Sudan's President Omar al-Bashir has told the BBC he will step down in 2020, when his current mandate ends.

Mr Bashir also denied allegations of abuses perpetrated by the Sudanese forces in renewed violence against black African villages who took up arms in the country's western Darfur region.

The president has been indicted by the International Criminal Court (ICC) on counts of genocide and war crimes.

Mr Bashir has been in power since 1989. He won elections in April last year.

He told the BBC's Thomas Fessy that his job was "exhausting" and his current term would be his last.

"In 2020, there will be a new president and I will be an ex-president," he said.

However, sceptics will say that he had already pledged to step down in the past and later went back on his word, our correspondent says.

'No aerial bombing'

The UN says more than 2.5 million people have been displaced in Darfur since 2003 - with more than 100,000 this year alone.

Image copyright Reuters
Image caption Mr Bashir's supporters carried a mock coffin of the ICC after he returned to Sudan in June 2015

President Bashir said that there was no reason for the UN peacekeepers and aid workers to stay in the troubled Darfur region.

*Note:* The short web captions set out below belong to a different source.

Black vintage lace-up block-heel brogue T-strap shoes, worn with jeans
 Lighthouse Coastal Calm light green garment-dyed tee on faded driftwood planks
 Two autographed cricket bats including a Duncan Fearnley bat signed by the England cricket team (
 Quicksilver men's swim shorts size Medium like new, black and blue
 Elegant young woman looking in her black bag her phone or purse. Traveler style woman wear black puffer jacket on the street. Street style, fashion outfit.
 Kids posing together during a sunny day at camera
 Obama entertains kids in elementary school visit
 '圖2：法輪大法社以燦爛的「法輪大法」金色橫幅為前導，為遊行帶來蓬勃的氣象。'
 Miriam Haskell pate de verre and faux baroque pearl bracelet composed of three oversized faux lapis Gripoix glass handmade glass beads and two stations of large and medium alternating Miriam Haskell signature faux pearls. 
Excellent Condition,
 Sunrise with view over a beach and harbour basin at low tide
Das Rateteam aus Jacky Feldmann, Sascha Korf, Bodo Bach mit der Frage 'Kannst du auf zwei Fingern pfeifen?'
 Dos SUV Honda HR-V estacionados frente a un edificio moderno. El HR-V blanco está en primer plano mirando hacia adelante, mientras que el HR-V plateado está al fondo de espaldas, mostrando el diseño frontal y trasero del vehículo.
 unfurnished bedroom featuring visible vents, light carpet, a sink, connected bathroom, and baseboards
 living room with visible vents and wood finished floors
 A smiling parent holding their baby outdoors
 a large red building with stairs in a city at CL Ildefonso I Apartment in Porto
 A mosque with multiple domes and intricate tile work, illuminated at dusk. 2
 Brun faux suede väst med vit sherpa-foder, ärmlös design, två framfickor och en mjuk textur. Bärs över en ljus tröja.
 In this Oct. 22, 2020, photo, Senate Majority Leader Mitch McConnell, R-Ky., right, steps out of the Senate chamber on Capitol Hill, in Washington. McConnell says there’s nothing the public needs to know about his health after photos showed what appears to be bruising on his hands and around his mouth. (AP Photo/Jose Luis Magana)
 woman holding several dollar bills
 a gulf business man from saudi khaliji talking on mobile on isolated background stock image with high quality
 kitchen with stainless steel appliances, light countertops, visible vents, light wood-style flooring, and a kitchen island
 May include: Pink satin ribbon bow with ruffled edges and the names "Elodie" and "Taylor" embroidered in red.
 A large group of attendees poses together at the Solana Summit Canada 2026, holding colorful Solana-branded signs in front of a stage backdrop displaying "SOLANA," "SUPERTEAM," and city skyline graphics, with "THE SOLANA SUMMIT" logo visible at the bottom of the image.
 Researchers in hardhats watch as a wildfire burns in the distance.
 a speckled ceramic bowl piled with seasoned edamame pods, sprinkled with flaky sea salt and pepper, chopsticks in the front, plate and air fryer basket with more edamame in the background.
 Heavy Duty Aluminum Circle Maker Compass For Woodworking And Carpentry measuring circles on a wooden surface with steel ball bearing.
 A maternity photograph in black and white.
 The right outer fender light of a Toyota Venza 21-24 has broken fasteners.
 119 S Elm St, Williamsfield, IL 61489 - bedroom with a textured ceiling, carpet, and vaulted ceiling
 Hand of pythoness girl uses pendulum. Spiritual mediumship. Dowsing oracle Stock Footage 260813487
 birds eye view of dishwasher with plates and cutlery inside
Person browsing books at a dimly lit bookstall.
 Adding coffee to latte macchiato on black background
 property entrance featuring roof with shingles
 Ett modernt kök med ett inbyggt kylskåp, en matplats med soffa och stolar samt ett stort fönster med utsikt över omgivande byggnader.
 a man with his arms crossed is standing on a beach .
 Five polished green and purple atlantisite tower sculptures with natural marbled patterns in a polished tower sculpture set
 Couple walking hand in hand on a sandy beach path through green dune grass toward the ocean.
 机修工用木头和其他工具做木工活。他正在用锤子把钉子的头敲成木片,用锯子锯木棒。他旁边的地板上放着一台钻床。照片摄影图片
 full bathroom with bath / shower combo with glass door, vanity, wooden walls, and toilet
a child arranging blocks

He denied reports of recent abuses in the mountains of Jebel Marra where government forces launched an offensive in January.

"All these allegations are baseless, none of these reports is true," he said.

"We challenge anyone to visit the areas recaptured by the armed forces, and find a single village that has been torched.

"In fact, there hasn't been any aerial bombing."


Bashir at a glance:

Image copyright Reuters
Image caption The president said that evidence of popularity in Sudan could clearly be seen the huge crowds that greeted him everywhere
  • Fights in Egyptian army in 1973 Arab-Israeli war
  • Seizes power in Sudan in 1989 coup
  • Gives asylum to al-Qaeda leader Osama bin Laden in 1990s
  • First head of state indicted by ICC in 2009
  • Accused of war crimes in Darfur; denies charges
  • Makes peace with southern rebels in 2005
  • Oversees south's secession in 2011

Read our full profile

Darfur conflict: A bloody stalemate

Where can Sudan's Bashir go now?


The president said that people who fled the fighting had gone to government-controlled areas which was "proof that the government does not target citizens".

President Bashir said that UN estimates that more than 100,000 people have been displaced in Darfur since January because of the fighting were "highly inflated and not real".

"Only a very small number of people have been displaced and they have either reached our positions or [gone to] where the UN peacekeepers [Unamid] are deployed.

The president said that UN forces and Unamid "have no vital role to play" in Darfur, "not even in defending themselves and their units".

"As peace has returned to Darfur, I think that they have no role to undertake and that's why we want them to leave."

Likewise he said there was no role in the region for aid workers because there is no food crisis in Darfur.

He said that estimates that 2.5 million people were living in camps in Darfur were "much too inflated" and the true figure is closer to 160,000.

The president dismissed the ICC as a "politicised tribunal" and that evidence of his popularity in Sudan could clearly be seen by the huge crowds that greet him.

"These are the same crowds I'm accused of having committed genocide and ethnic cleansing against. This is why I've defied the tribunal, and [why] I've been travelling freely around the world."

Mr Bashir was re-elected last year with about 94% of the vote in an election boycotted by the main opposition parties who said it was not free and fair.